He's played in the tournament almost every year since and won "five or six" club championships when he belonged to the Dalton Golf and Country Club.

But he hadn't won the NGI until Sunday.

Phillips, now 54-years-old, shot a bogey-free 6-under-par 66 on Sunday for a two-day total of 6-under 138 and won by two strokes.

"This means a whole lot to me," Phillips said in between congratulatory hugs including one from long-time director of golf Lowell Fritz. "It's the one tournament, outside of a state or USGA event, that I'd want to win."

Dalton State director of golf Ben Rickett, who played at the University of Tennessee at Chattanooga, tied for runner-up at 4-under 140 with Dalton State rising sophomore Chase Jones. Neil Spitalny of Chattanooga won the senior division with a 4-under 140 to win by six strokes over Lanny Bailey.

Rickett defeated Jones -- Rickett's first signee to the fledgling NAIA program -- on the first playoff hole to win the top flight.

But Phillips held the big trophy at the end of the 66th annual tournament which endured weather delays on Saturday forcing some golfers to finish the first round Sunday.

"Today was just magic," Phillips said. "It just worked out in my favor to come from behind. Everything was lined up."

Well, everything except the weather. The final round needed to be a shot-gun start in the morning for the senior division and lower championship flights.

The final 25 groups started, in shotgun format, a few minutes after 4 p.m., and finished just before darkness settled on the course beside Cleveland Highway.

"I had nobody watching," Phillips said. "I didn't know what to think.

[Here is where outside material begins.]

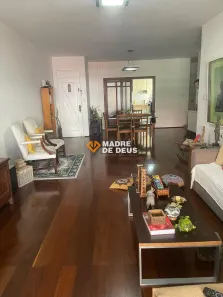 Apartamento com 5 Quartos à venda, 200m² no Meireles, Fortaleza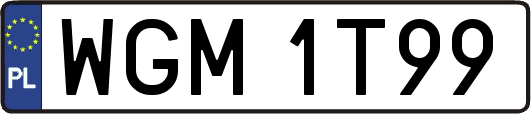 WGM1T99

I didn't have a gallery."

Rickett and former Lee University golfer Caleb Roberson began the final round one stroke off the lead set by Matt Hadden who played the last seven holes of his first round on Sunday morning.

Rickett, playing one group in front of Phillips, owned a two-stroke lead after playing the 13th hole despite the fact that Phillips spun around the front nine at 5 under. Roberson and Hadden had faded from competition by this point.

But Rickett relinquished one stroke when his tee ball off the par-3 14th tee bounced into the water. Rickett gave away two more strokes on the par-3 16th when he needed two swipes to escape from a green-side bunker and two-putted for a double-bogey.

"It was a delicate bunker shot, and I tried to be too cute with it," Rickett said. "I haven't played competitive golf in two years, and if you're playing competitively, you don't make those mistakes. I made 13 or 14 birdies, and when you're making that many, something is right."

A few minutes later, Phillips poured in his fourth lengthy -- and unexpected -- birdie putt of the day for a birdie and a two-shot lead with two holes to play. He made two other unexpected putts earlier with the first coming on No. 5, the second on No. 6 and the third on No. 9 helping him turn at 5-under with a share of the lead.

"On 9, I was 18 feet left of the hole and I made that putt then that kind of unnerved me because I'm thinking, 'I'm in the running for the tournament," Phillips said. "I was shaky on 10, 11 and 12 and I tried to think about the process and not the results."

The result was a victory.

Perhaps more will come later this year and then next year when he becomes eligible to play in senior divisions and move closer by one set of teeing grounds.

"I am trying to play more and work on my game more this year because I'm looking forward to playing when I'm 55," Phillips said. "I'm working on my game some and I'm looking forward to the senior stuff."